"Fido (1941 - June 9, 1958) was an Italian street dog that came to public attention in 1943 because of his demonstration of unswerving loyalty to his dead master. Fido was written about in many Italian and international magazines and newspapers, appeared in newsreels throughout Italy, and was bestowed several honors, including a public statue erected in his honor.
Fido probably began life sometime in the autumn of 1941 as unowned street dog in Luco di Mugello, a small town in the municipality of Borgo San Lorenzo, in the Tuscan Province of Florence, Italy. One night in November 1941, on his way home from the bus stop, a brick kiln worker in Borgo San Lorenzo named Carlo Soriani found him lying injured in a roadside ditch. Not knowing who the dog belonged to, Soriani took him home and nursed him back to health. Eventually, Soriani and his wife decide to adopt the dog, naming him "Fido", a Latin word meaning "faithful one".
After Fido recovered, he followed Soriani to the bus stop located at the central square of Luco di Mugello and watched him board the bus for his job. When the bus returned in the evening, Fido found and greeted Soriani with obvious great joy and followed him home again. This pattern repeated every workday for two years: Fido would stay in the square, avoiding all others, waiting and sniffing the air until excitedly greeting Soriani and enthusiastically following him home.
This was during the Second World War, and on December 30 , 1943, Borgo San Lorenzo was subjected to a violent allied bombardment: many factories were hit, and many workers, including Soriani, perished. That evening, Fido showed up as usual at the bus stop, but obviously did not see his beloved master get off. He later arrived back home, but for fourteen years thereafter (more than 5,000 times) until the day of Fido's death, he went daily to the stop watching and sniffing the air in vain for Soriani to get off the bus.
Media interest in Fido grew during his lifetime. Italian magazines Gente and Grand Hotel published the story of the dog, which also appeared in several newsreels of the Istituto Luce.

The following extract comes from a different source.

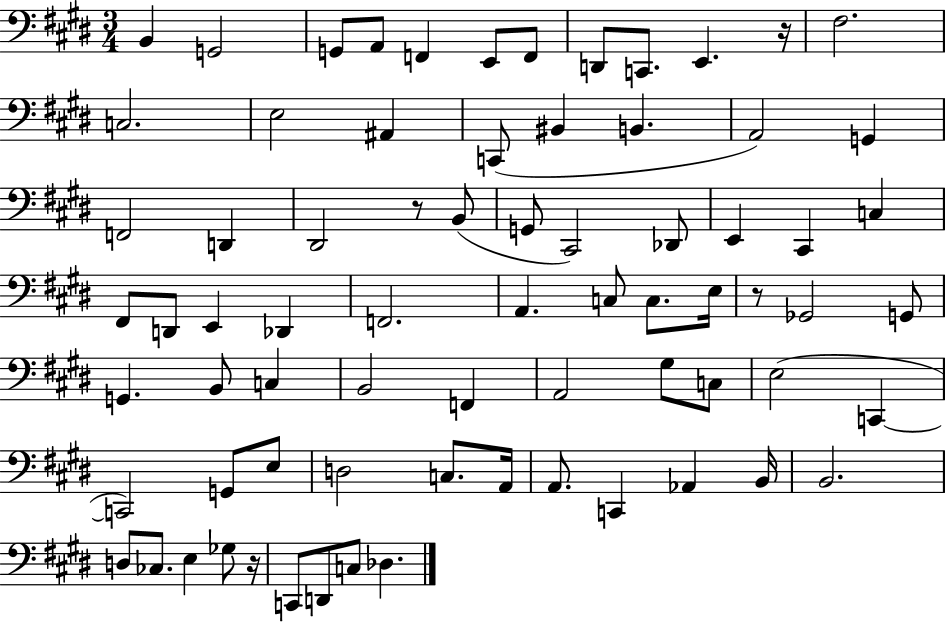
B2/q G2/h G2/e A2/e F2/q E2/e F2/e D2/e C2/e. E2/q. R/s F#3/h. C3/h. E3/h A#2/q C2/e BIS2/q B2/q. A2/h G2/q F2/h D2/q D#2/h R/e B2/e G2/e C#2/h Db2/e E2/q C#2/q C3/q F#2/e D2/e E2/q Db2/q F2/h. A2/q. C3/e C3/e. E3/s R/e Gb2/h G2/e G2/q. B2/e C3/q B2/h F2/q A2/h G#3/e C3/e E3/h C2/q C2/h G2/e E3/e D3/h C3/e. A2/s A2/e. C2/q Ab2/q B2/s B2/h. D3/e CES3/e. E3/q Gb3/e R/s C2/e D2/e C3/e Db3/q.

Many readers were struck by the extraordinary faithfulness of Fido, including the mayor of Borgo San Lorenzo, who, on November 9, 1957, awarded him a gold medal in the presence of many citizens including Soriani's moved widow. Time magazine wrote an article about Fido in April 1957.
Fido died still waiting for his master on June 9, 1958. The news of his death was announced to the public by the newspaper on a four-column front page story in La Nazione.[6] On 22 June, La Domenica del Corriere commemorated Fido with a poignant cover story. The cover painting by Walter Molino shows Fido dying on the roadside, with the bus waiting in the background. Fido was buried outside the cemetery of Luco beside his master, Carlo Soriani.
At the end of 1957, when Fido was still alive, the Comune of Borgo San Lorenzo commissioned the sculptor Salvatore Cipolla to create a monument of the dog as a testimony of that exemplary story of love and fidelity. The work, entitled "Monument to the dog Fido", was placed in Piazza Dante in Borgo San Lorenzo, next to the municipal palace, where it stands today. Under the statue depicting the dog is the dedication: "To FIDO, EXAMPLE of LOYALTY". The monument was inaugurated by the mayor of Borgo San Lorenzo, in presence of Fido and Soriani's widow.
Originally, the statue was realized in majolica, but a few months after the inauguration some vandals destroyed it. Consequently, the mayor of Borgo San Lorenzo commissioned to Salvatore Cipolla a new statue, this time in bronze, which replaced the first one and that is still today in Piazza Dante.